Jackmaster admits to ‘attempting to kiss, grab people against their will’ at Love Saves The Day festival.
Following Jackmaster’s apology for “abusive” and “inappropriate” behaviour, Scottish artists now admitted “attempting to kiss and grab people against their will,” at the Love Saves The Day festival in May.
According to RA, a member of the LSTD staff, who wishes to remain anonymous, has shared her perspective on the events surrounding Jackmaster’s actions at the Bristol festival. Resident Advisor has obtained statements from her, Jackmaster, real name Jack Revill, and the Love Saves The Day team.
Following Revill’s apology for “inappropriate” behaviour on Monday, an events staff member has described the May incident in more detail. She says, “Jack’s behaviour on the night towards me crossed the boundaries of acceptability, regardless of the fact he was clearly off his head… Myself and other staff that he hurt, offended and upset on the night spoke with the festival management, and decided that the incidents had to be addressed and not ignored.”
Anonymous Love Saves The Day staff member:
Although I wish to remain anonymous, I was one of the female members of staff who was a recipient of Jack’s actions on the night of Love Saves The Day.
Jack’s behaviour on the night towards me crossed the boundaries of acceptability, regardless of the fact he was clearly off his head. What made the matter worse is that it happened in front of so many people, and so many witnesses, and it took far too long for anybody to step in and try to take control of Jack or intervene in the slightest. People just stood by like it was OK behaviour.
Myself and other staff that he hurt, offended and upset on the night spoke with the festival management and decided that the incidents had to be addressed and not ignored.
Jack agreed to meet directly with all the staff his actions had affected on the night to offer his apologies. In that meeting, I was able to directly address Jack to tell him how humiliated and upset his behaviour made me feel and the fact it’s something that hasn’t left my mind since it happened.
The meeting environment was quite intense; I was afraid to see him again even though he had reached out to me before the face-to-face to offer his apology. There was an agenda, but before we had started, he had said that he would do whatever it takes to make us all feel better.

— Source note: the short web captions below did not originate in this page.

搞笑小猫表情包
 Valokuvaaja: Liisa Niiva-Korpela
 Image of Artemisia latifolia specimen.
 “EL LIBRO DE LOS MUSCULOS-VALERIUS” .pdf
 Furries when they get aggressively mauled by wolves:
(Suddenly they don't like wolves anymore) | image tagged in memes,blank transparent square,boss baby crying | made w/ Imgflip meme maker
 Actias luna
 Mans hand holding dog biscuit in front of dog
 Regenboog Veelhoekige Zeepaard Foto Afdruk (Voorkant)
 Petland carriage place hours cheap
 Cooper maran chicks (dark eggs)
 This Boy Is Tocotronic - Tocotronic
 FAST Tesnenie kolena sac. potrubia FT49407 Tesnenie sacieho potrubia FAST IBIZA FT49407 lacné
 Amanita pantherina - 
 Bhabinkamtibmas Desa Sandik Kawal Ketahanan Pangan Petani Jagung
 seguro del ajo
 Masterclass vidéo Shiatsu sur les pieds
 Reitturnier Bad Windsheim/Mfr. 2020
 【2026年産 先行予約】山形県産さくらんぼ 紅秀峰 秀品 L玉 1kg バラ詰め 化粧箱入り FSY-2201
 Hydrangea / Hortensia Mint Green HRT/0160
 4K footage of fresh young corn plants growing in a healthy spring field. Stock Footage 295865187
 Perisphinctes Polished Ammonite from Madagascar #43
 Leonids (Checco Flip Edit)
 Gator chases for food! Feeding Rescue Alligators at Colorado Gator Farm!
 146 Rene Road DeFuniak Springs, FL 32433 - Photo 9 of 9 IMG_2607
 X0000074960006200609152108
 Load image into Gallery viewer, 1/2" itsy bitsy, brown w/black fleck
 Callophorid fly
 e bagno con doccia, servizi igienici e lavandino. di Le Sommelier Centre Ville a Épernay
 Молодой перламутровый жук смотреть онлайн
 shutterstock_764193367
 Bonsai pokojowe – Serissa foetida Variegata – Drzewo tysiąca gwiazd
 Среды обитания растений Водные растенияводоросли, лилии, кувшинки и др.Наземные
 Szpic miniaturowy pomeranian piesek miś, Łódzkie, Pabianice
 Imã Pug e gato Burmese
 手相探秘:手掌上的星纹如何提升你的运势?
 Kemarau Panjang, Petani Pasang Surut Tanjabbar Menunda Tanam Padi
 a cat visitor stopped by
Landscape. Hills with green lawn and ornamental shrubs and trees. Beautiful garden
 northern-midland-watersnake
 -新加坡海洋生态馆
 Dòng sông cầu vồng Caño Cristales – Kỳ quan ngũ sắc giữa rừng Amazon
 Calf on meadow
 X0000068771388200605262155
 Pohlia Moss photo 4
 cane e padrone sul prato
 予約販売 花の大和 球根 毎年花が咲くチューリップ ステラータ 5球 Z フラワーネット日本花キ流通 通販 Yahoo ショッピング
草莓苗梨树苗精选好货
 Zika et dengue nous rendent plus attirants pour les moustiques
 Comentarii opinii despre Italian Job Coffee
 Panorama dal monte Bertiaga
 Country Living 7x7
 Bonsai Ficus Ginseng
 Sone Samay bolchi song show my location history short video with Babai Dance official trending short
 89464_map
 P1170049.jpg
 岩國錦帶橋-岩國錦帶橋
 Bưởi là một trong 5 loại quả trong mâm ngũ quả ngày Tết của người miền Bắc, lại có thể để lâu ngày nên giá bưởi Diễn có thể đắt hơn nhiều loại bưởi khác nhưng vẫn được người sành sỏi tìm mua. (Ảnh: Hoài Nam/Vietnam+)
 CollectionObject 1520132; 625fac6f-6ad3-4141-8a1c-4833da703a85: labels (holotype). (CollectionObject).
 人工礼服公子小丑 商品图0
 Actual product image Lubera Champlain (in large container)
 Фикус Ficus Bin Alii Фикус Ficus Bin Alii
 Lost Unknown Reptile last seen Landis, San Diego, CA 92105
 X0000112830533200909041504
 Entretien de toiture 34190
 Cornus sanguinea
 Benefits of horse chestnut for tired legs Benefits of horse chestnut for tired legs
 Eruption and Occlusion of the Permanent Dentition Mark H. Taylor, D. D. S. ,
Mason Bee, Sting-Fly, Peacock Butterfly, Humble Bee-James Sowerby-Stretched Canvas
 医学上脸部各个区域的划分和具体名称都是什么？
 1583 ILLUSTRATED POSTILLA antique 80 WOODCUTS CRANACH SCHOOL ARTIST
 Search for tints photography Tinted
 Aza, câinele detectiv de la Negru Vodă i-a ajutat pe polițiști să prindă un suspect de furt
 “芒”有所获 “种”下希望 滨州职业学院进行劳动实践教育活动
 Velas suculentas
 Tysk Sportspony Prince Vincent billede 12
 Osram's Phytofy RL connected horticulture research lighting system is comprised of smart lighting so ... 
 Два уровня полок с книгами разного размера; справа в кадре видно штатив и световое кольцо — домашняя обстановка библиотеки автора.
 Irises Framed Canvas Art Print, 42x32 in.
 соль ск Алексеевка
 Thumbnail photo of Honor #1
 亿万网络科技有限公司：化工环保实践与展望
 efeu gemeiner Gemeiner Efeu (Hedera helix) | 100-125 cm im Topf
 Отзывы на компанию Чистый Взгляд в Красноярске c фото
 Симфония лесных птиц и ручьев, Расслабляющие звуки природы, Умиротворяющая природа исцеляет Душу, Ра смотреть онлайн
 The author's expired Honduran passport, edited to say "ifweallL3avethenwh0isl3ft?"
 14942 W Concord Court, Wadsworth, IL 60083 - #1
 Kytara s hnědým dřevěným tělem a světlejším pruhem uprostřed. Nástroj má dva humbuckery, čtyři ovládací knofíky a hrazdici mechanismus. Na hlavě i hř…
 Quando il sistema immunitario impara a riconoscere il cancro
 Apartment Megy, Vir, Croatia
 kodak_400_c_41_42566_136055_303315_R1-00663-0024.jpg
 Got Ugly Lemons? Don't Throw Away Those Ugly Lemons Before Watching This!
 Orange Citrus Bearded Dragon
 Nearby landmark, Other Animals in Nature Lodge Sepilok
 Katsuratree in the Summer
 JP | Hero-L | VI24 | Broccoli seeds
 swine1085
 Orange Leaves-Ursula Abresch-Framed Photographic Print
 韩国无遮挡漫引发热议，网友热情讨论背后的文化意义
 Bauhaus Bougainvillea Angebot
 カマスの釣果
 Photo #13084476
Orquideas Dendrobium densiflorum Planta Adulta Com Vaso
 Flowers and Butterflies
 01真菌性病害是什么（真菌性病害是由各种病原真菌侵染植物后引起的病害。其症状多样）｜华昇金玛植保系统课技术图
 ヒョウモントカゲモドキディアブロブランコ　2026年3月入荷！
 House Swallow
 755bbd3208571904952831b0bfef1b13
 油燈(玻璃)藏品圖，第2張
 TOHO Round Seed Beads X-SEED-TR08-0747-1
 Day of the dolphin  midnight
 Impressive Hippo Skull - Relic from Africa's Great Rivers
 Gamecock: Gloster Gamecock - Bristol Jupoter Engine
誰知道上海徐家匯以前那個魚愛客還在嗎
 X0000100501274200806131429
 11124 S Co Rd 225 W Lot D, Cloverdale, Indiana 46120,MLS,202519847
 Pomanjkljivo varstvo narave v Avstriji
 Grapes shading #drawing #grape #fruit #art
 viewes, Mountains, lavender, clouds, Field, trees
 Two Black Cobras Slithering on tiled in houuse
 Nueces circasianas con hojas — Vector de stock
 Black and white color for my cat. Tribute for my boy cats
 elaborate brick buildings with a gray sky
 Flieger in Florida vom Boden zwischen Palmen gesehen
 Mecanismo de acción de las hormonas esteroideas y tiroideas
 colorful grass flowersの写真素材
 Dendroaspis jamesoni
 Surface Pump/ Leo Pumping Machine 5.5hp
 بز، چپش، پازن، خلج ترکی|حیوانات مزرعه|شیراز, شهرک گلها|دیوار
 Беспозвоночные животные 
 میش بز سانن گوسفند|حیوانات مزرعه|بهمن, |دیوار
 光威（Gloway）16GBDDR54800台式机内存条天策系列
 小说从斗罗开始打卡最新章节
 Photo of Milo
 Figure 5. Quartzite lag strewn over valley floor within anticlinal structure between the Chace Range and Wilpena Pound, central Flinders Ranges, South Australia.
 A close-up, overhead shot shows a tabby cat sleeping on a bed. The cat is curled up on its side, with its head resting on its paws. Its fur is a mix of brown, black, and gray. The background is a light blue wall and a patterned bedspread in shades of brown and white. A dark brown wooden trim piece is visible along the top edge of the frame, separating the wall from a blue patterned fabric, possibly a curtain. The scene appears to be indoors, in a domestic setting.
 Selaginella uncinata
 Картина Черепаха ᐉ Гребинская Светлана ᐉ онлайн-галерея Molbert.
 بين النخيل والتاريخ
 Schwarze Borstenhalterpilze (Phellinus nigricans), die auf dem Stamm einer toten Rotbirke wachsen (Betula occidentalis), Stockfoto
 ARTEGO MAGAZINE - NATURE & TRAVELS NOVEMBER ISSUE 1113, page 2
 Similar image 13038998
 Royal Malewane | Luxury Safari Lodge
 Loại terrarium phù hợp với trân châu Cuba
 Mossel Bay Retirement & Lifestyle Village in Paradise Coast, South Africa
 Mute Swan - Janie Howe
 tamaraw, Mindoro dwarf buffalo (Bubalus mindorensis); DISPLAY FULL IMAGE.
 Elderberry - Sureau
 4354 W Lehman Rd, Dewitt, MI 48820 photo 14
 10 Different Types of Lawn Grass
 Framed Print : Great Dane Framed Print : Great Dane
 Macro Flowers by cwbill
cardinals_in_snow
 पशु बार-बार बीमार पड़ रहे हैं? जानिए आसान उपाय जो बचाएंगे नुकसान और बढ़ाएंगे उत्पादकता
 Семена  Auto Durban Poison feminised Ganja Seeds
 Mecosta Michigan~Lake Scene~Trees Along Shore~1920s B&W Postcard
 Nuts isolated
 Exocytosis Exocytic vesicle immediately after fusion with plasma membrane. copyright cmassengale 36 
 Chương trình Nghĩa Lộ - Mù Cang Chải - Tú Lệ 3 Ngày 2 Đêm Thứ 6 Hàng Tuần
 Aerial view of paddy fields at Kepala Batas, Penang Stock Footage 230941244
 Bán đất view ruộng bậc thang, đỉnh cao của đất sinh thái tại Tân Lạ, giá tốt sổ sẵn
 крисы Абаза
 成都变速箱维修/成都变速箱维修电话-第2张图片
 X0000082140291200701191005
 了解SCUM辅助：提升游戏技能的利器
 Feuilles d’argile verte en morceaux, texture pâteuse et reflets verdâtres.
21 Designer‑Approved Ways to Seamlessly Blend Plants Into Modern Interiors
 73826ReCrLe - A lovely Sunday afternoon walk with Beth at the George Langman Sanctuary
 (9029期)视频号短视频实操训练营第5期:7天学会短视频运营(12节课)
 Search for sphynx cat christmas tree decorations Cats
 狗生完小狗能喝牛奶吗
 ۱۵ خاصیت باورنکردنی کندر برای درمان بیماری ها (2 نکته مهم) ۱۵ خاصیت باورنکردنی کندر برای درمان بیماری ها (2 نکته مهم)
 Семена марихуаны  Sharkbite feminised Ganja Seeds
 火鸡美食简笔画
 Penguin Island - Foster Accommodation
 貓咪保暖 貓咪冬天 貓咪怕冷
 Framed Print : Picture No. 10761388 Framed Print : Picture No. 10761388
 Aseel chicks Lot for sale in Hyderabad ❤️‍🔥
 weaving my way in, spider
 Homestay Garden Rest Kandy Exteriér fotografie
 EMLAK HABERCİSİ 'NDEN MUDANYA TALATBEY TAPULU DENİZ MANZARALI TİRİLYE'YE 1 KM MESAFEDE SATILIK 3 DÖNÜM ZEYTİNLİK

If we wanted him to go hand himself into the police right now, he would do it, offer a public apology, whatever it took to make us all feel better again. I could see and feel he was completely sincere in what he was saying. He said he was disgusted by his own behaviour and that this had been the catalyst for him making real changes to his life.
At the end of the meeting, we all agreed with Jack that a public apology might help prevent this type of behaviour happening again anywhere in the industry and encourage people to step in quicker to stop it. Everyone has a responsibility to intervene when they see something like that happening, and if they don’t feel they can step in, they should go and get help.
That the response to his post on Monday was quite sickening, in that it was hijacked by untruths and lad humour—perhaps this is systematic of UK culture at the moment—is why it is so important for Jack to clarify what happened.
The incident resulted with Jackmaster already being canceled for some festivals.